Vascualar reconstruction during pancreatoduodenectomy for ductal adenocarcinoma of the pancreas improves resectablility but does not achieve patients cure

This session began with a presentation by Dr. Jean-Francois Gigot from Universite Catholique de Louvain (Belgium). Based on recent publication from his group,1 he suggested the necessity of multidisciplinary approach to treat pancreatic cancer requiring combined vascular resection. In his talk, he reviewed their retrospective comparative study between Group A (N=82, pancreaticoduodenectomy (PD) without vascular resection), Group B (N=67, PD with isolated vascular resection), and Group C (N=8, PD with arterial resection). Postoperative morbidity and mortality rates were reported to be similar in each group, however, R1 resection was significantly more frequent in Group B (42%) and C (50%) compared to Group A (13%, p<0.001). In addition, more advanced tumor conditions were related to Group B and C, including features such as lower Karnofsky index, a higher serum CA 19-9, large size, more advanced AJCC stage, and frequent location of the uncinate process of the pancreas. Ten-year overall and disease-free survival rates were significantly better in Group A (19%, and 20%, respectively) compared to Group B (2.8%, and 0%) and Group C (both 0%). Combined vascular resection and the presence of metastatic lymph node were determined to be independent prognostic factor on multivariate analysis, indicating that PD with vascular resection increased local resectability without additional perioperative morbidity and mortality, but was not associated with improved oncologic outcome. Especially, he claimed arterial resection should be regarded as contraindication due to high morbidity and poor survival outcome.

The result of that study are based on retrospective data collected during long-term follow-up period, and preoperative resectability was not exactly described in this study, however, it is thought that a significant portion of patients in Group B and C might had BRPC when considering the surgical outcomes of potentially resectable cancers with high risk of margin positivity. In addition, when we compared other studies reporting a lower incidence of lymph node metastasis in patients with pancreatic cancer who underwent pancreatectomy following neoadjuvant chemoradiation,2-4 this paper seemed to be a good example of current oncologic problems of surgery as the first approach in BRPC cancer, supporting the potential application of neoadjuvant therapy in treating these patients.

Evolution towards chemo radiotherapy for BRPC, what promised to be best?

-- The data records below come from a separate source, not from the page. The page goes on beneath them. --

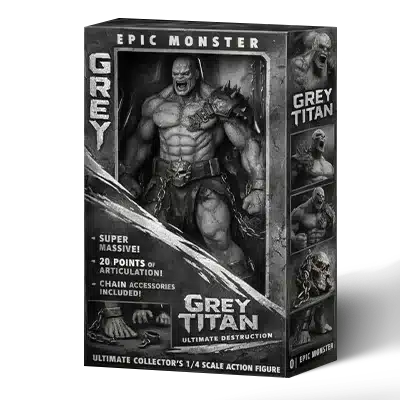 dark toy box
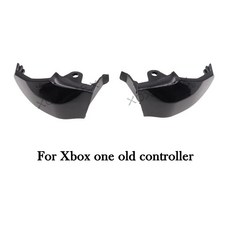 범퍼 트리거 버튼 모드 키트 엘리트 컨트롤러 교체 오른쪽 왼쪽, Xbox one, 1개, 02 For Xbox one, 색상: 1. For Xbox one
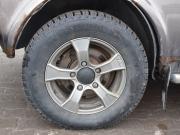 Lada (ВАЗ) 2121 (4x4) I Рестайлинг Архангельск  - изображение 20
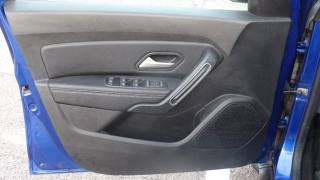 DACIA Duster usata 49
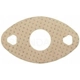 Purchase Top-Quality EGR Valve Gasket by BLUE STREAK (HYGRADE MOTOR) - VG199 pa1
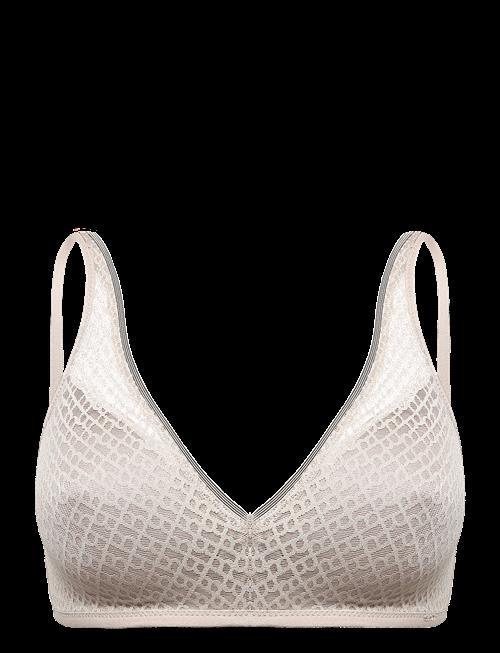 BOSS | Padded Soft_B Lace | L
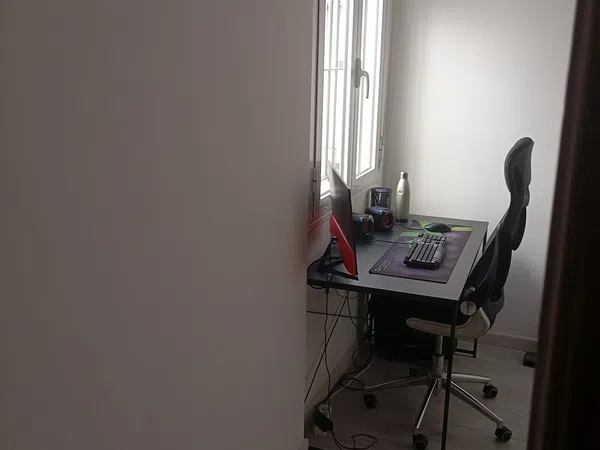 Piso en calle O'farrel, 7 - Foto 12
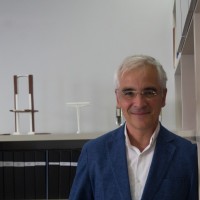 Jose Romo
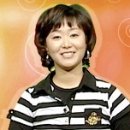 부르는 소리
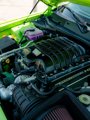 Used 2023 Dodge Challenger SRT Hellcat Redeye image 5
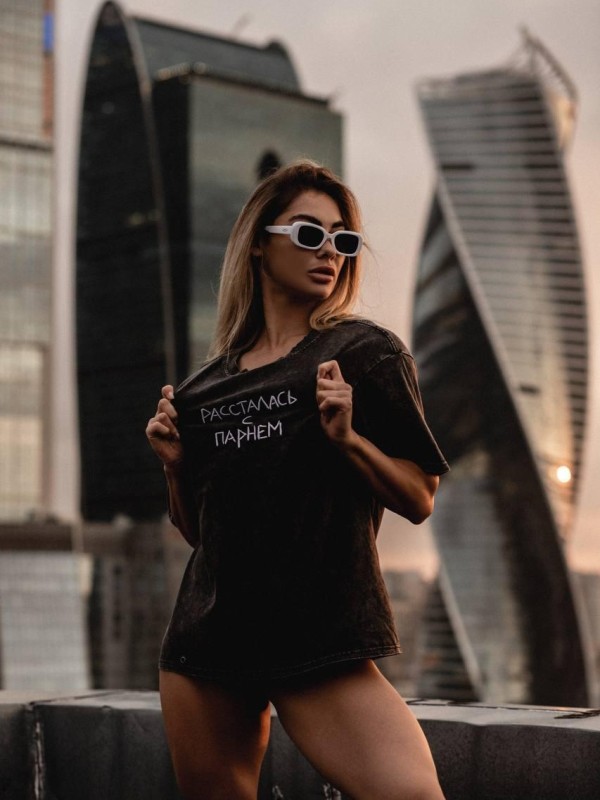 Ольга фото 3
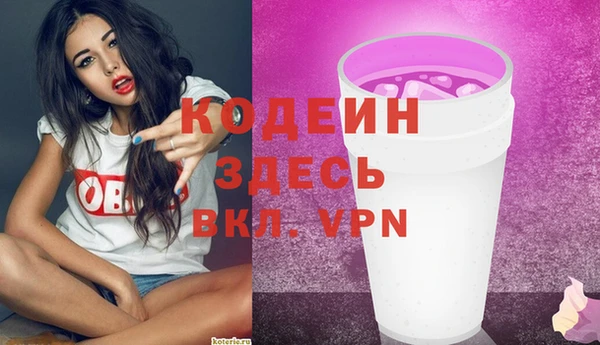 ГАЛЛЮЦИНОГЕННЫЕ ГРИБЫ Осташков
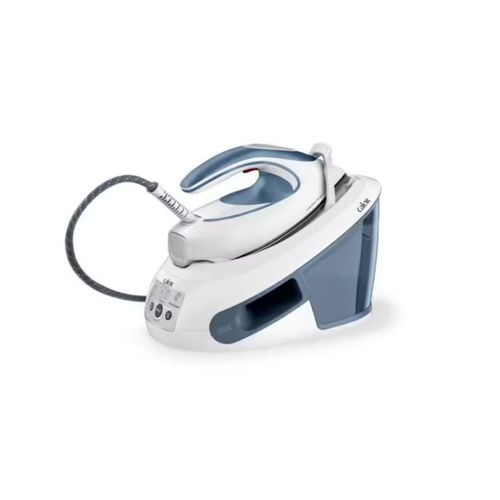 Calor Centrale vapeur Express Airglide Sv8024c0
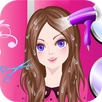 Happy Hairdresser Game APK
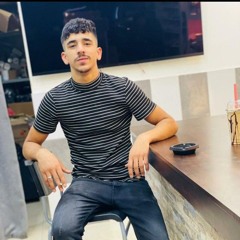 ahmad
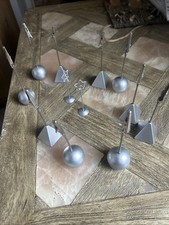 Assorted Place Card Holders -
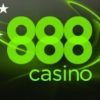 Обзор онлайн казино Casino 888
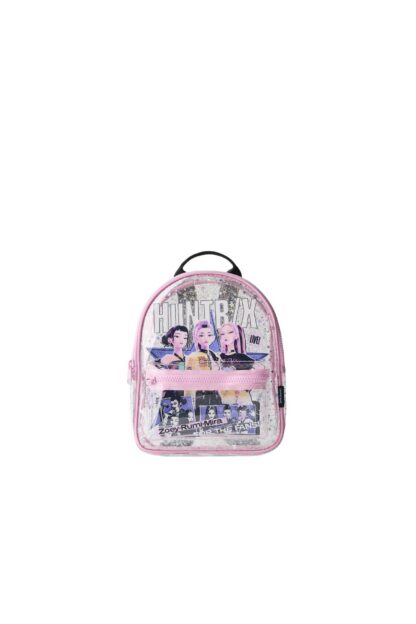 کوله‌پشتی دخترانه زارا - 11215830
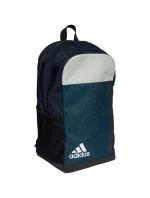 Plecak Motion Badge of Sport model 19567056 - ADIDAS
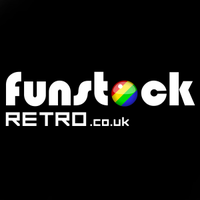 FunStock Vouchers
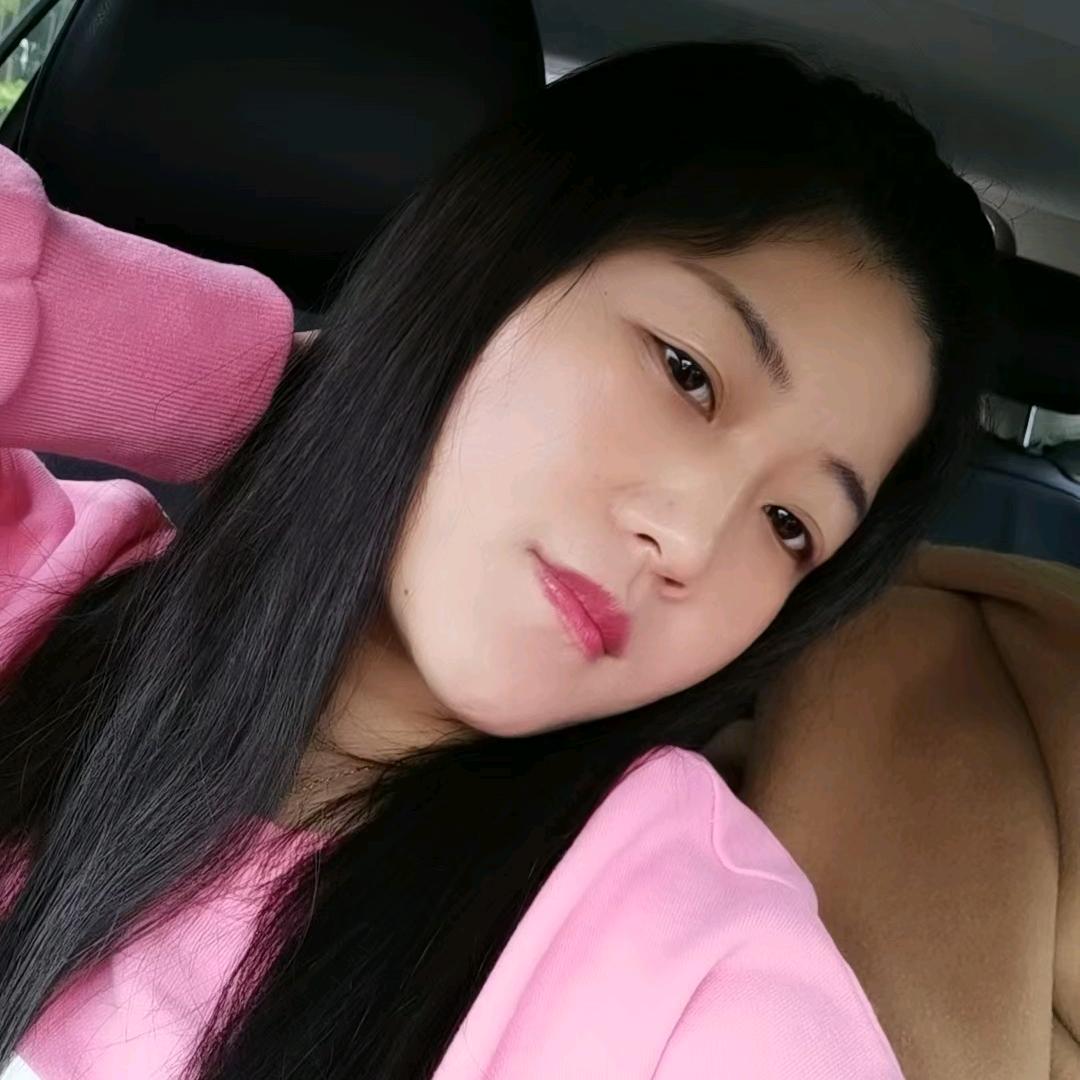 余生很贵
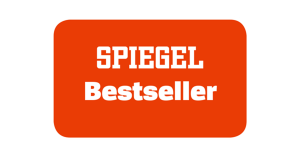 SPIEGEL Bestseller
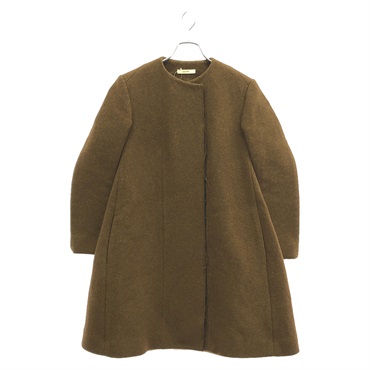 セリーヌ(CELINE)セリーヌ コート その他コート 衣料品 アウター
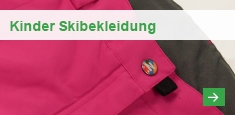 Kinderskibekleidung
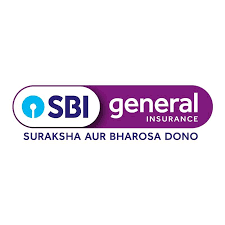SBI General Insurance Limited cashless hospitalization available at Minaai Hospital in Mira Bhayandar.
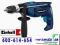 Wiertarka udarowa EINHELL BLUE BT-ID710E 710W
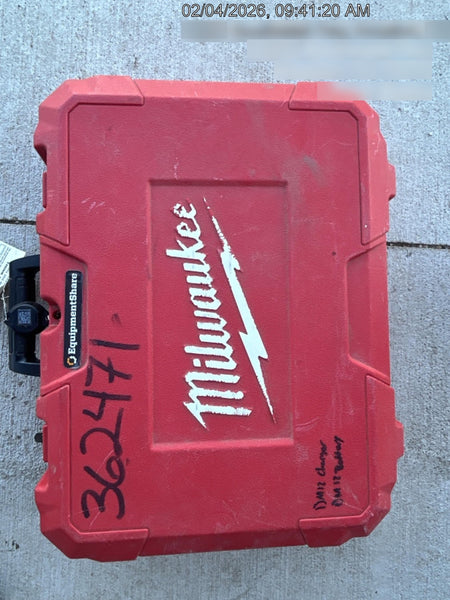 2023 MILWAUKEE 3632-21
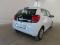 preview Citroen C1 #1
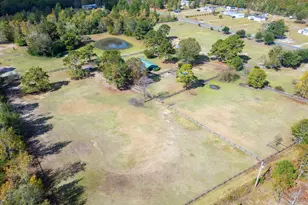 272 Pearl Ln, Williston, SC 29853 - Photo 47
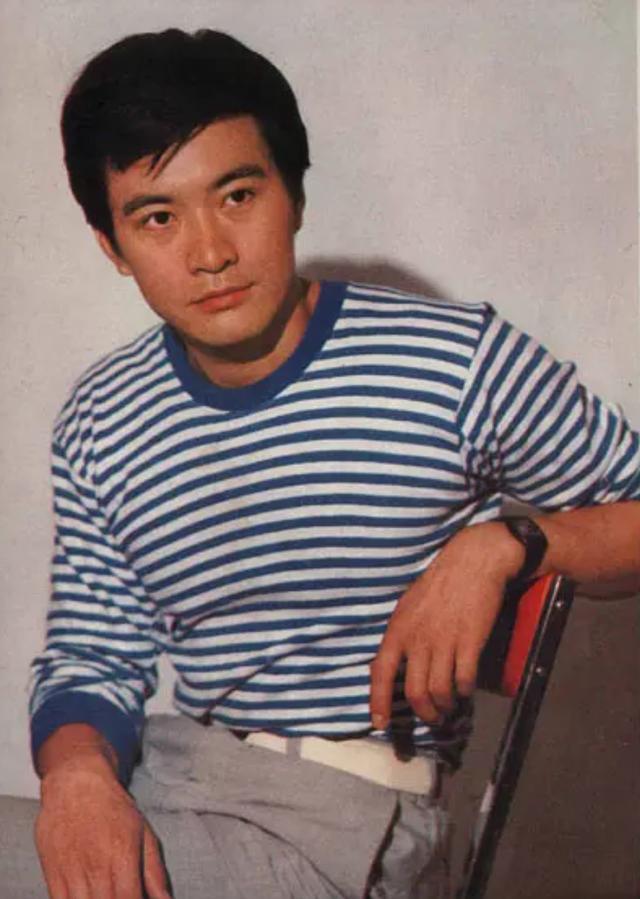 硬汉周里京怎么样了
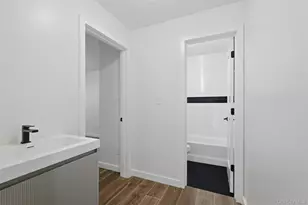 20 Singer Ave, Spring Valley, NY 10977 - Photo 31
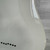 Used Schecter Demon-7 Electric Guitar - White - 7-string 40112-S000183551 View 20
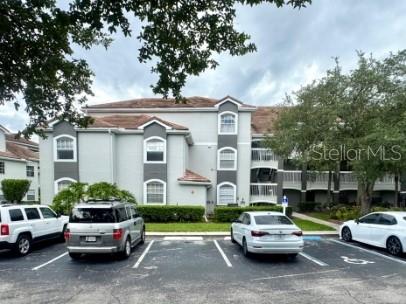 Details for 13941 Fairway Island Drive 716, ORLANDO, FL 32837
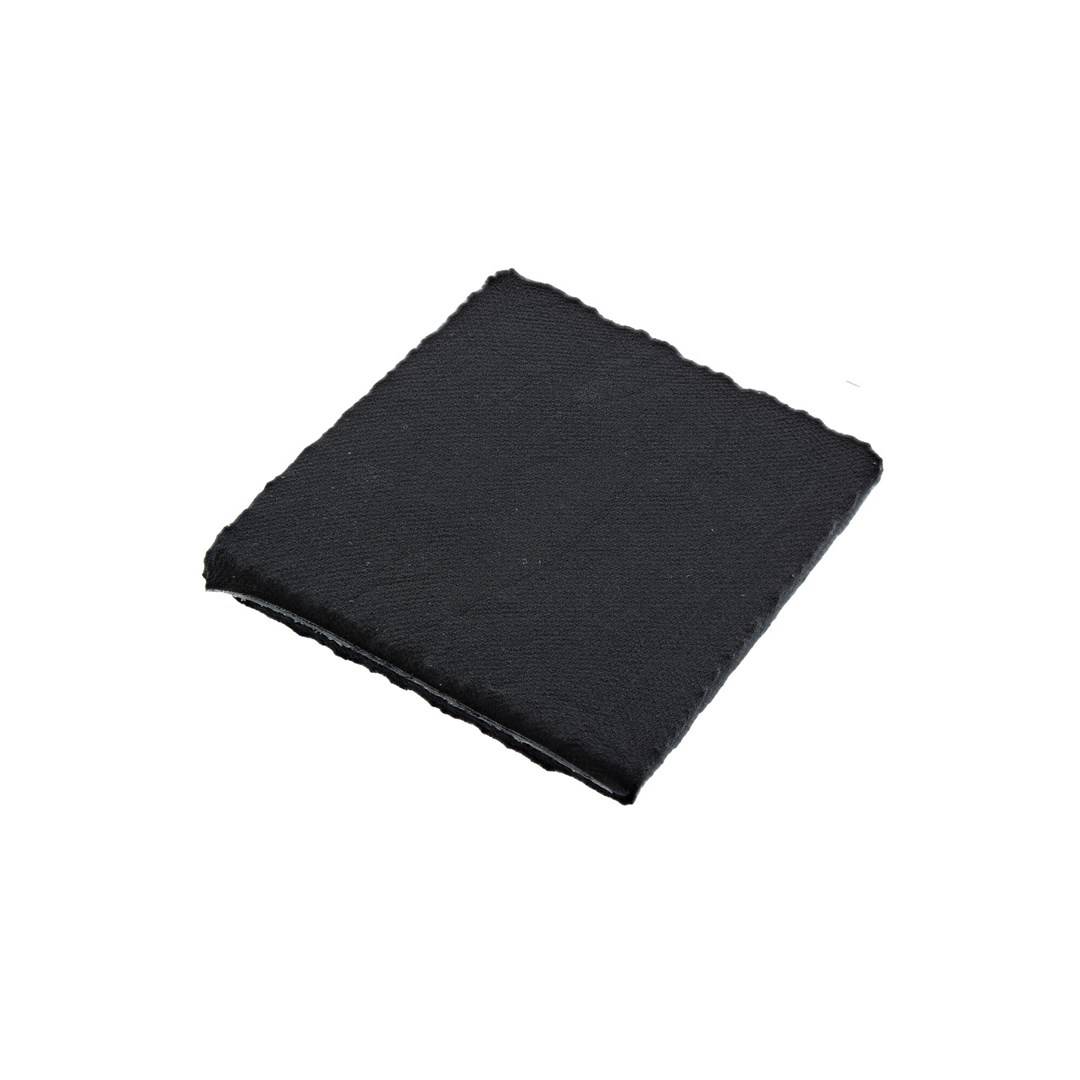 Filtro al carbone Electrolux E3RWAF01-4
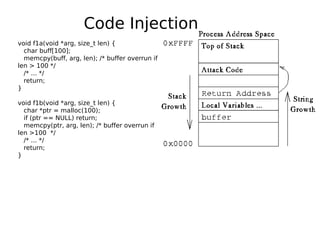 System Integrity | PDF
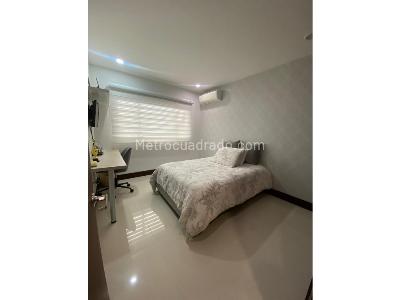 Casa de 4 alcobas en venta en Ciudad Jardin, Cali, 786 m² · foto 15 de 20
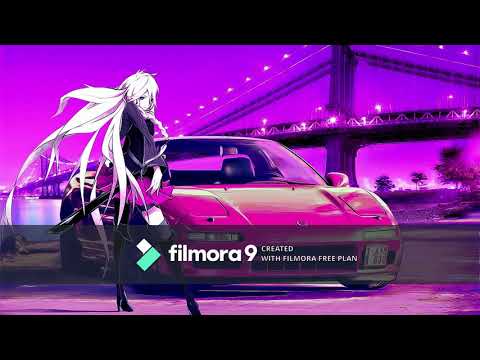 New Money - Geko x Ay Em x French Montana (Nightcore)
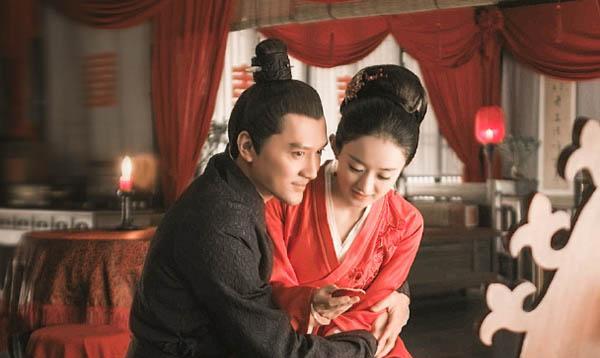 知否知否应是绿肥红瘦在哪个平台播放 56091ddbd54942f194ef10f484db03a0.jpeg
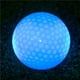 thumbnail image 4 of Greeniant 6 uds. Pelotas de golf luminosas Pelotas de golf con luz LED a granel Deportes nocturnos Pelotas de golf resplandecientes para hombres o mujeres Golf Greeniant OD015894-00, 4 of 6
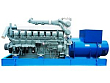 ADMi-1600 6.3 kV Mitsubishi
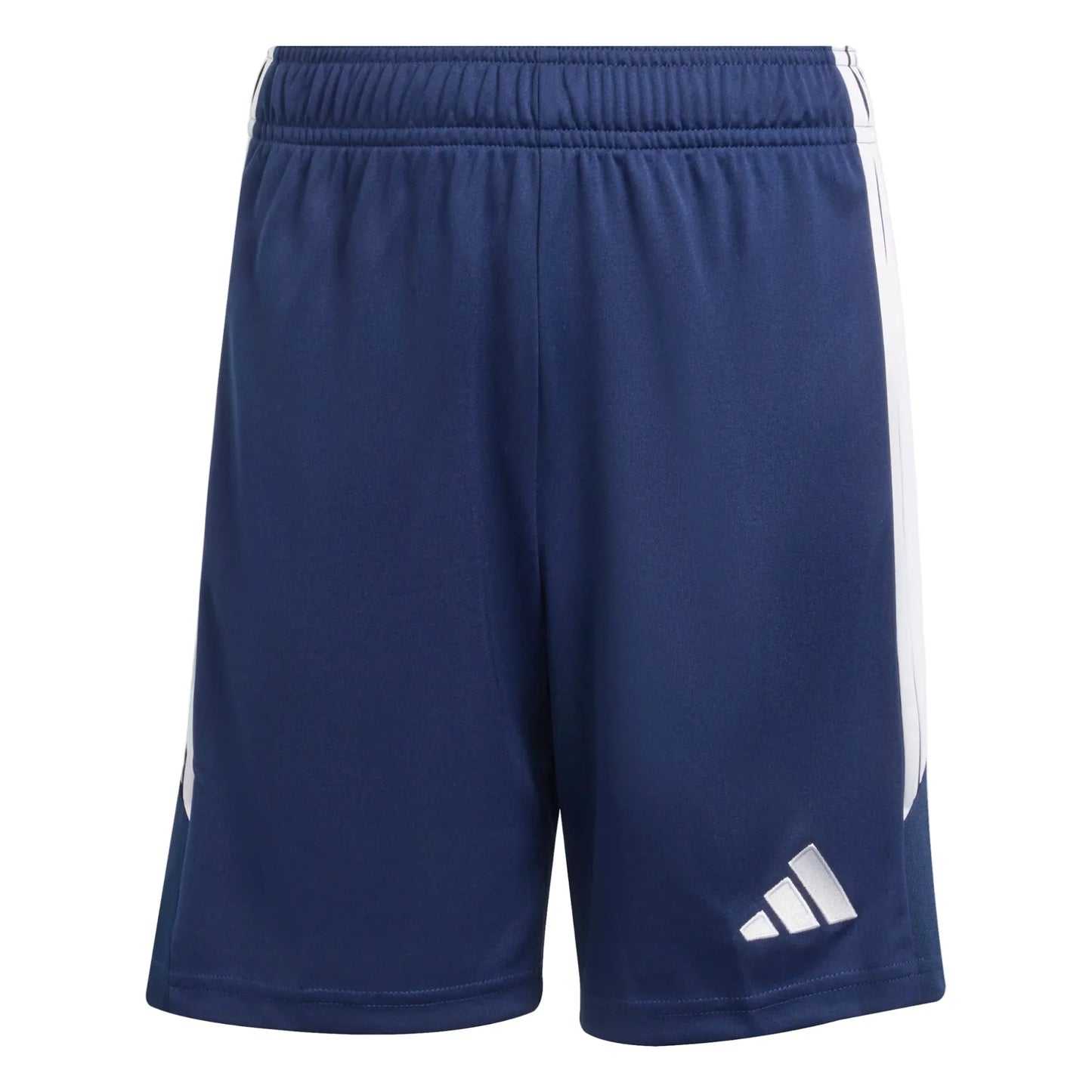 adidas Lafayette FC Youth Tiro 26 League Short - Navy LFC 26-28 - Third Coast Soccer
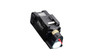 Bisley Ballistic Aiming Laser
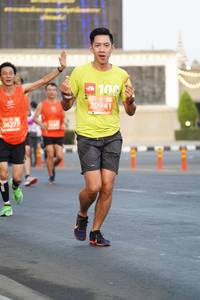 BIB: 100, 20941, 26277
                            <button type="button" onclick="openModal(12129083)" class="btn btn-primary btn-sm float-right btn-popup" data-toggle="modal" data-target=".modal-high-quality">
                        <i class="fas fa-shopping-cart"></i> Add to Cart
                    </button>
                                            <button type="button" onclick="isThisMe(12129083, true)" class="btn btn-success btn-sm float-right btn-popup btn-isme hidden" data-toggle="tooltip" data-placement="bottom" title="นี่คือรูปของคุณใช่ไหม คลิกที่นี่เพื่อเอาเข้าอัลบั้ม">
                        <i class="fas fa-plus"></i> Add to album
                    </button>
                    <button type="button" onclick="isThisMe(12129083, false)" class="btn btn-warning btn-sm float-right btn-popup btn-isnotme hidden">
                        <i class="fas fa-ban"></i> Remove from album
                    </button>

William Nealson from Vanderbilt University School of Medicine (USA) began his talk by asking the following questing; "Is there place for neoadjuvant therapy for BRPC? If so, chemotherapy alone or Chemoradiation therapy?" There are rationales for the use of neoadjuvant therapy in advanced pancreatic cancer, However, a recently published meta-analysis5 evaluating the role of neoadjuvant therapy in advanced pancreatic cancer suggested (1) most available data provide a low level of evidence; (2) definitions of unresectable pancreatic cancer and BRPC are not consistent, or not clearly described; and (3) there is a general lack of stated criteria for resection after neoadjuvant therapy in most studies. All of these factors make it difficult to draw a meaningful conclusion about the therapeutic role of neoadjuvnat therapy in treating pancreatic cancer.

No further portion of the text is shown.